Thursday, February 16, 2017


Peter Marshall:
Paul, what is "The Great White Way"?
Paul Lynde:
Eating chicken with a fork.
'The Hollywood Squares'


In Toobworld, newspapers are usually fictional because they're going to showcase something that actually has import for the story in the episode.  But in this episode of 'That Girl', Don and Ann were reading an actual copy of the New York Times.  Even if the date of the production can be tracked down via the IMDb and other sources, we can determine approximately when this episode was filmed based on those ads for various Broadway plays.

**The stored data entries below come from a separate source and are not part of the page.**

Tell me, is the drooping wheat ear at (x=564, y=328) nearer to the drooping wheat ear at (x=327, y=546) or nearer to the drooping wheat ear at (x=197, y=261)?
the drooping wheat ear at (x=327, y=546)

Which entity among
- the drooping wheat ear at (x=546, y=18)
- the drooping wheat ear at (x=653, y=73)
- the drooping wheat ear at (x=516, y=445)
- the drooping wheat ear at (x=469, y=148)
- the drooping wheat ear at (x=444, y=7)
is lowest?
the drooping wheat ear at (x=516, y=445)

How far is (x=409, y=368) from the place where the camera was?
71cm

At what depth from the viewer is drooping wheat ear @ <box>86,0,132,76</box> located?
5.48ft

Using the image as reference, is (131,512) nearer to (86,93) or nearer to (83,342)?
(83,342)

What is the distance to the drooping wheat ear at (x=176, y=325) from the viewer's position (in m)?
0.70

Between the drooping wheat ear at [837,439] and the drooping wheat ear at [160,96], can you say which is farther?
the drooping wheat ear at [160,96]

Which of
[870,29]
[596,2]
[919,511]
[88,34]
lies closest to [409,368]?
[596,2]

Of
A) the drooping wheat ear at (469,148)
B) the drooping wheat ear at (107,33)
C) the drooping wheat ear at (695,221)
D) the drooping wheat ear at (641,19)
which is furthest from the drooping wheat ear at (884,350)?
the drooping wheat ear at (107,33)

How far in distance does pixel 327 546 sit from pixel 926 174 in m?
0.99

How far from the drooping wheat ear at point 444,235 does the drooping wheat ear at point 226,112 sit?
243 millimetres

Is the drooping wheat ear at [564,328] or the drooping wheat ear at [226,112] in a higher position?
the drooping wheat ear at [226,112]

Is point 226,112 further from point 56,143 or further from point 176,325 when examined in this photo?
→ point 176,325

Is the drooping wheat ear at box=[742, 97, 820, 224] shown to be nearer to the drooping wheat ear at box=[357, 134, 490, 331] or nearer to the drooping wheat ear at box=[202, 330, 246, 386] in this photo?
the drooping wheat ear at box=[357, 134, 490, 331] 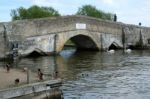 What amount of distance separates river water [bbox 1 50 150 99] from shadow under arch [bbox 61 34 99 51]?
10784mm

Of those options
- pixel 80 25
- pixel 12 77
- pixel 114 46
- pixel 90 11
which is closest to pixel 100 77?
pixel 12 77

With this showcase, these plays actually took place in Toobworld, but their "televersions" may have differences from the productions that were mounted on the Great White Way.  The length of their runs, for instance.  

Here's a quick summation of what these plays were about:


Ian McShane, Eileen Atkins and Ian McKellen play three young Russians whose dreams are interrupted by World War II. Older and wiser 16 years later, they still pursue their visions. The 'love story' by Aleksei Arbuzov opened on November 14, 1967 at Henry Miller's Theater in New York; it ran for 23 performances.


"Black Comedy" was first presented in New York with White Lies at the Ethel Barrymore Theater by Alexander H. Cohen directed by John Dexter.  The production featured the Broadway debut of both Michael Crawford and Lynn Redgrave. The production previewed from January 31, 1967 and opened on February 12, 1967. It closed on December 2, 1967 after a total of 14 previews and 337 performances.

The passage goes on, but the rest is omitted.